Let $\mathbb{D}^3=\{(x,y,z)\in \mathbb{R}^3: x^2+y^2+z^2\leq 1\}$. Define $X=\mathbb{D}^3/\sim$ with the relation $(x,y,z)\sim(-x,-y,-z)$ Let $\mathbb{D}^3=\{(x,y,z)\in \mathbb{R}^3: x^2+y^2+z^2\leq 1\}$. Define $X=\mathbb{D}^3/\sim$ with the relation $(x,y,z)\sim(-x,-y,-z)$ for $x,y,z$ such that $x^2+y^2+z^2=1$. Calculate the fundamental group of $X$.
I know that one way to do this is by using Van Kampen's Theorem where we decompose $X=U\cup V$ with $U,V, U\cap V$ connected by paths and in this case I think we could take $U=X-\{\overline{(0,0,0)}\}, V=\pi(\text{Int}(\mathbb{D}^3))$ where $\pi :\mathbb{D}^3\to \mathbb{D}^3/\sim$ is the quotient function, but we have $\pi_1(U,\overline{(1/2,0,0)})=\pi_1(V,\overline{(1/2,0,0)})={1}$ because $\mathbb{S}^2$ is a retraction of deformation of $U,V$, whereby the fundamental group of this space would not be trivial?
 A: $\mathbb{S}^2$ is a deformation retract of $U\cap V,$ not $U$ nor $V.$ Hence $\pi_1(U\cap V,\overline{(1/2,0,0)})=\{1\}.$
$V$ is a ball so it is contractible, hence $\pi_1(V,\overline{(1/2,0,0)})=\{1\}.$ 
Now show that the space
$$ A:=\{(x,y,z)\in \mathbb{D}^3 \text{ | } x^2+y^2+z^2=1\}/\sim \thinspace\subset U$$
is a deformation retract of $U.$ Since $A=\mathbb{R}P^2$ then $\pi_1(U,\overline{(1/2,0,0)})\cong \mathbb{Z}_2.$ Therefore, by Seifert-van Kampen,
$$ \pi_1(X,\overline{(1/2,0,0)})\cong \mathbb{Z}_2.$$
PD: ¿Topología con José Manuel?
A: This is homeomorphic to $\mathbb{R}P^3$, which has $\mathbb{Z}/2\mathbb{Z}$ as fundamental group. 

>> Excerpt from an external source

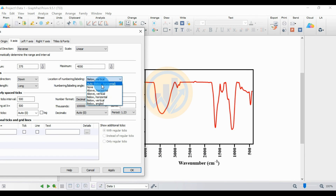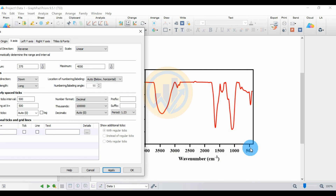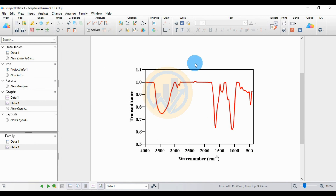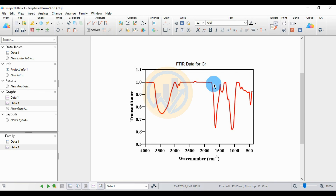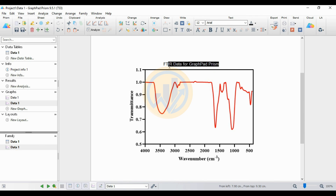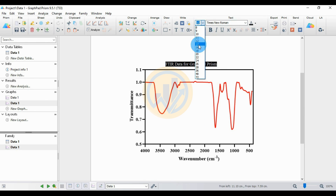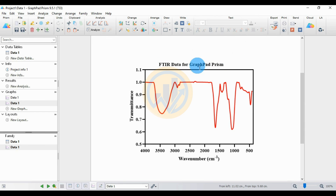Choose 'Below Horizontal', then click Apply. Change the normal range from 500 to 400, then click OK. Enter the title: 'FTIR data for Crop Height Prism after Pad Prism'. Change the font to 14 and bold.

One way to see why they are homeomorphic is to realize that your quotient is homeomorphic to the quotient of the top closed hemisphere of $S^3$ quotiented in its boundary by $x\leftrightarrow -x$, and this in turn is homeomorphic to the quotient of the whole sphere via the relation $x \leftrightarrow -x$. Each of those homeomorphisms are quite direct to define, and that each one of them is a homeomorphism is straightforward to prove via the universal property of quotients, say.

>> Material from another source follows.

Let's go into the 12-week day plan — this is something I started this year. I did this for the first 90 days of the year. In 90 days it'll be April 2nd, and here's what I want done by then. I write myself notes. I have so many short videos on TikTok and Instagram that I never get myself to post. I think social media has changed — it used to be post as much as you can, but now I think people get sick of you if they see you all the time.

That it has $\mathbb{Z}/2\mathbb{Z}$ as fundamental group can be seen by noticing that $S^3$ provides a double cover for $\mathbb{R}P^3$. Since $S^3$ is simply-connected, this implies that $\pi_1(\mathbb{R}P^3)$ is a group of order 2. There is only one such group.